I have seen much that is seared on my memory during visits to prisons but no Egyptian cotton. But behind his trademark straining to be gratuitously offensive, Clarkson was making the perfectly valid point that prison isn't all about rehabilitation.
But neither is it – as set out in statute – only about punishment. If Kenneth Clarke is to get anywhere with his "rehabilitation revolution", the rest of us must retreat from polarised positions on punishment vs rehabilitation, and agree you can balance both.
One key to that must be an understanding that, once a sentence has been served and a debt to society paid, those released should be allowed to get on with rebuilding their life, at first under the supervision of a properly funded probation service. Instead we continue to punish them.
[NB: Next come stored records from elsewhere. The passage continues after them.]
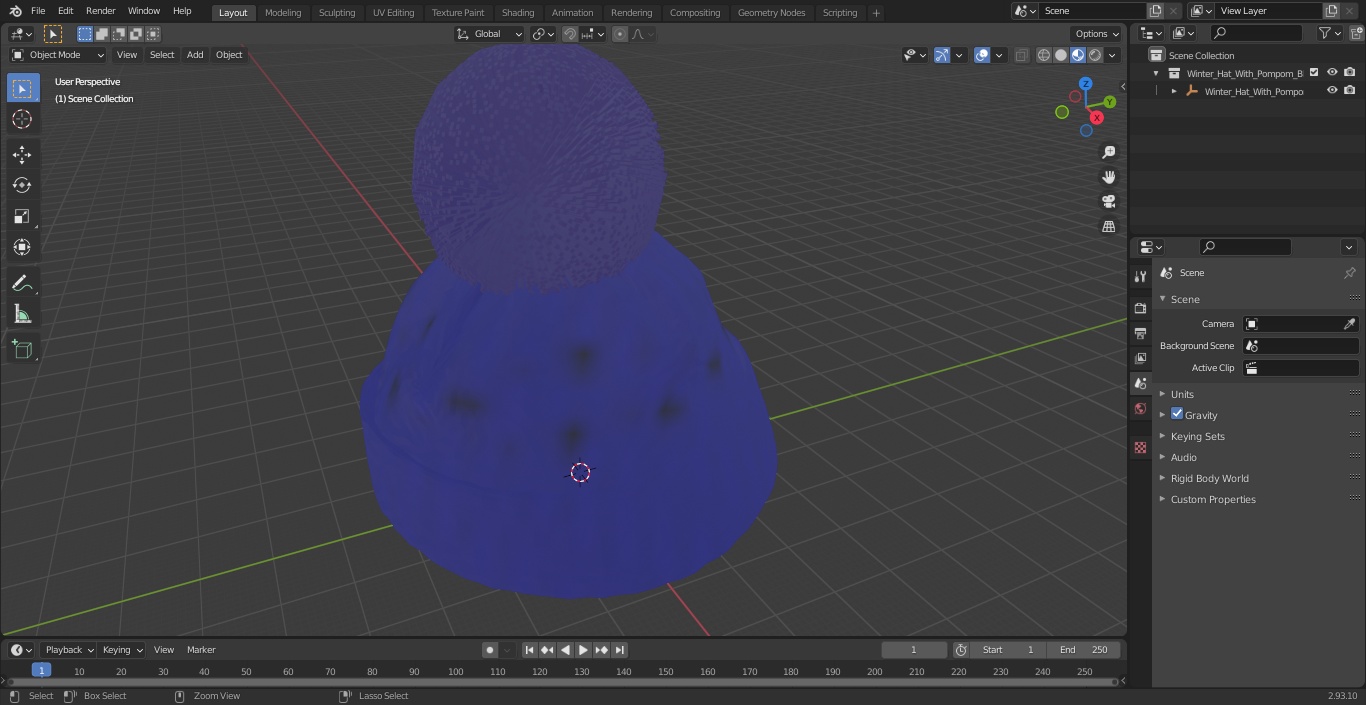 Winter Hat With Pompom Blue 3D
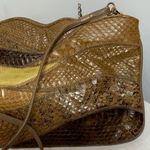 Vintage 70's Snakeskin and Leather Hong Kong Purse Yellow Photo 3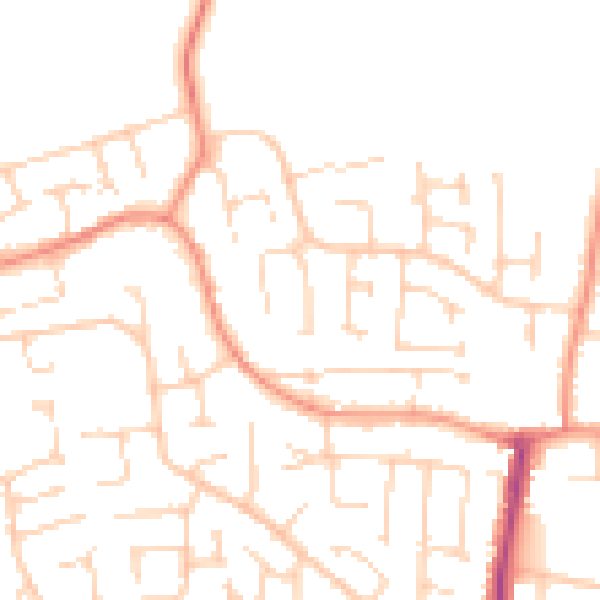 Daytime road noise heatmap for YO32 3GE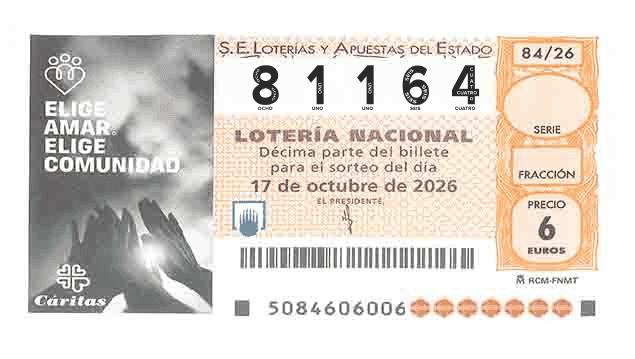 Décimo 81164 del sorteo 84-17/10/2026 Sábado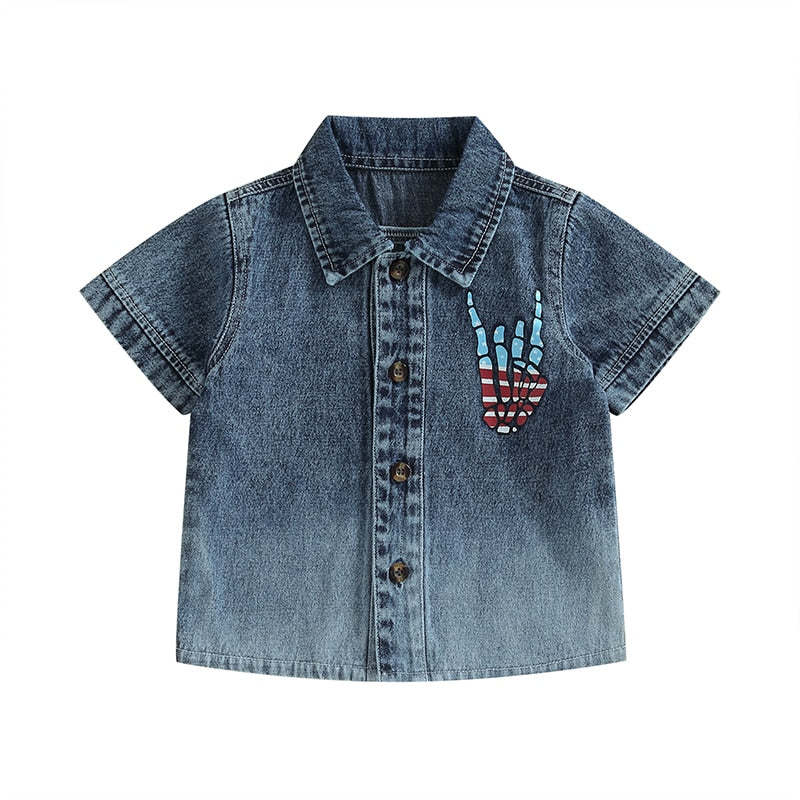 Hand Print Kids Independence Day Button Closure Shirt childrensterritory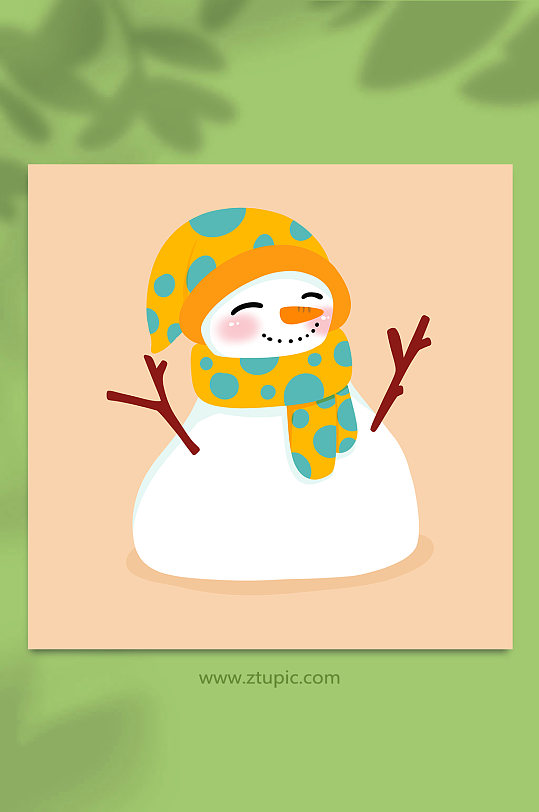 斑点围巾雪人小雪节气元素插画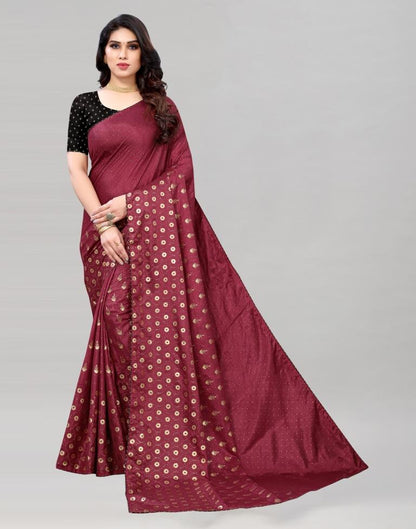 Maroon Coloured Poly Silk Foil Printed Saree | Sudathi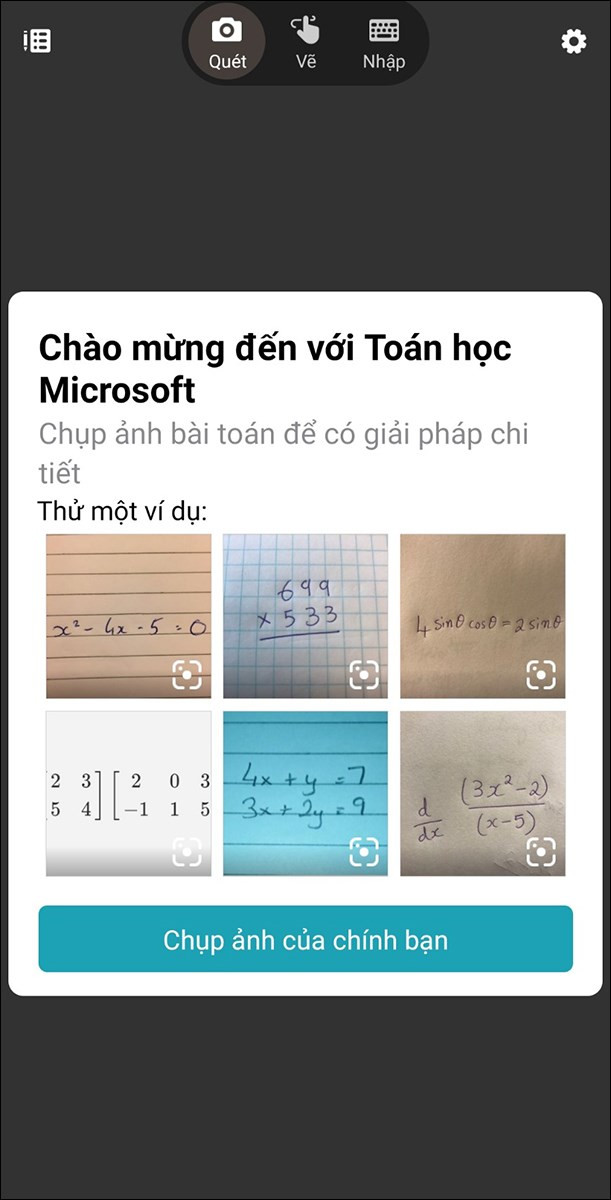 Giao diện Microsoft Math Solver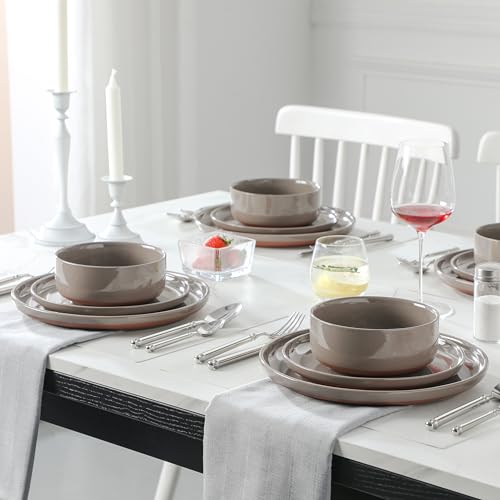 Plates and Bowls Sets (12 Pcs (Service for 4) / Brown)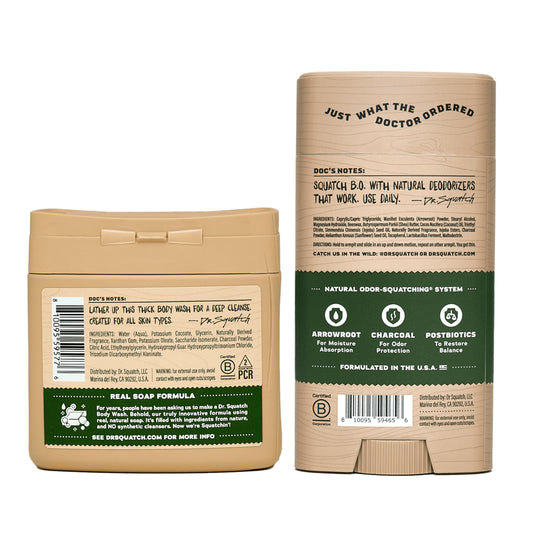 Pine Tar body wash poured with rich lather for a daily invigorating shower.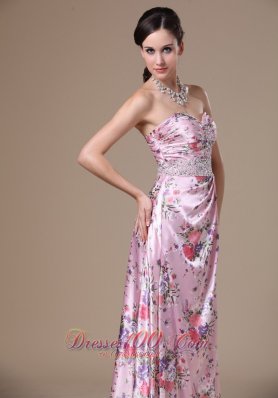 Print Beading Column Sweetheart 2013 Maxi Dress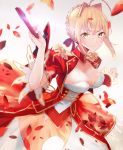  ahoge blonde_hair braid breasts cleavage closed_mouth commentary dress fate/extra fate/grand_order fate_(series) french_braid green_eyes highres looking_at_viewer nero_claudius_(fate) nero_claudius_(fate)_(all) red_dress shengkong_(prank) short_hair solo sword symbol_commentary weapon 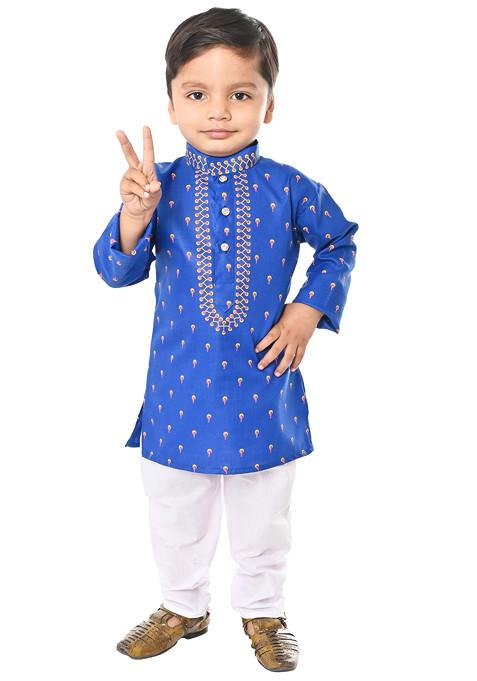 Blue Printed Kurta With Pajama ( Set of 2)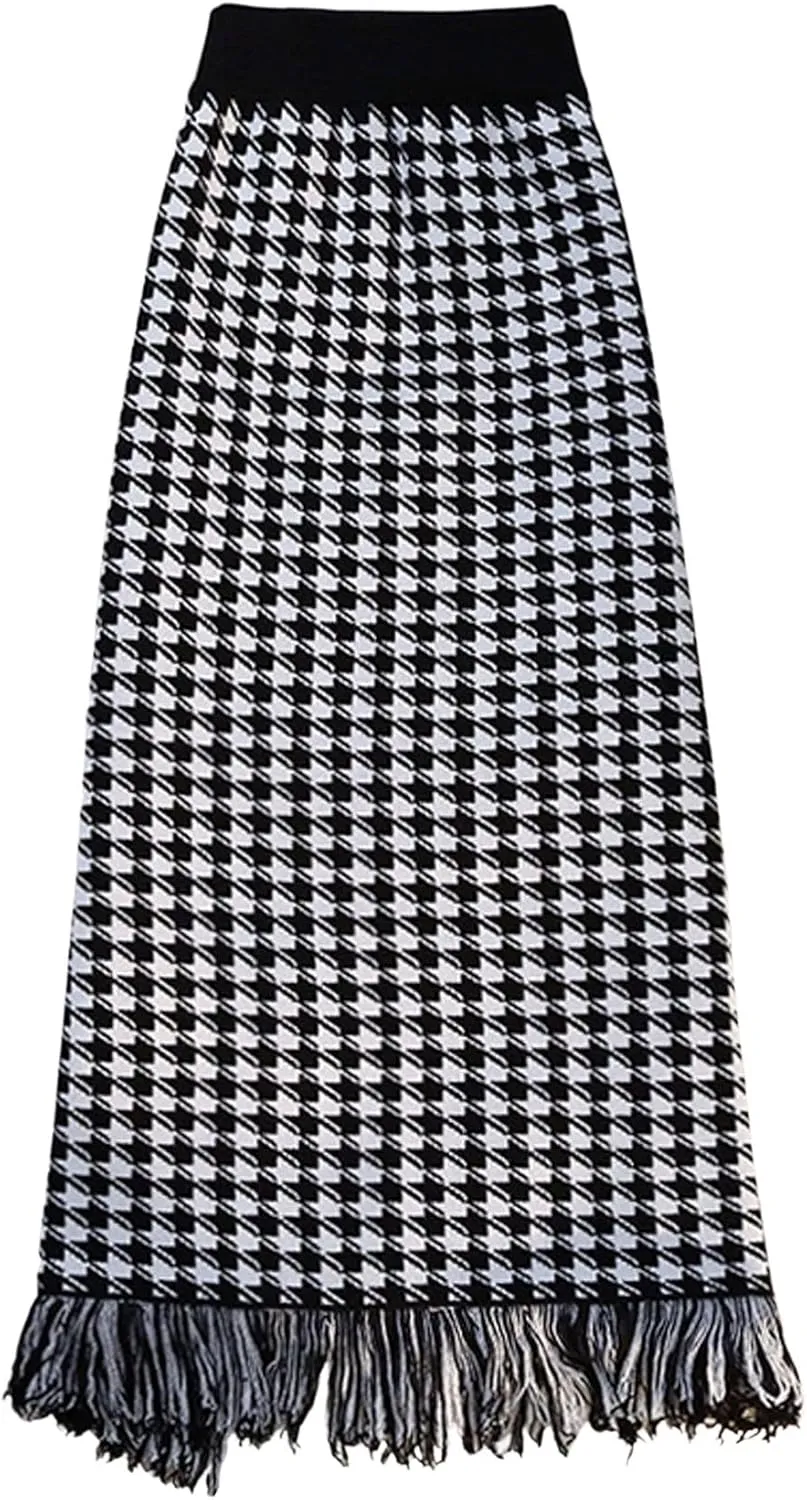 CHARTOU Women Houndstooth Knitted Bodycon Pencil Skirt Mid Long Packaged Hip Elastic Button Tassel Knit Skirt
Among recent Longford Scholars have been too many individuals who have their initial offer of a university place withdrawn when they disclose their criminal record. It is never explained in those terms, of course, but how else, for example, do you account for the student this year with the top grades in his subject at his further education college who has been turned down by the local university when others in his class were accepted? The only difference is that he has been to prison and they haven't. Or there's another who applied to the London School of Economics, which promises all first years a place in halls. He was told that offer didn't apply to him because of his criminal record. The list of disappointments is endless.
Faced by such double punishment is it any wonder that even well-supported ex-prisoners, determined to stick to the straight and narrow, go on to reoffend? If we insist on assuming the worst about people, then we are creating a climate where our prediction is more likely to come true.
That is the real context for the sentencing and rehabilitation reviews that Kenneth Clarke has now ordered. Their final outcome is down to us. They will no doubt make exactly the same sensible suggestions as similar committees in recent years on the need for well-resourced community punishments, reduced use of indeterminate sentences, a restoration of judges' flexibility in determining individual tariffs, and an end to excessive recall to jail of prisoners out on parole for trivial reasons (one of our students because he was pulled over by police for not wearing his seat belt).
How far Mr Clarke is able to act on these conclusions will be dictated in part by the Treasury, but mostly by a political judgement of public attitudes to rehabilitation. And so far, despite an avalanche of evidence that it can and does work, we still seem to have a blind faith in punishment to do the job of reforming criminals all by itself.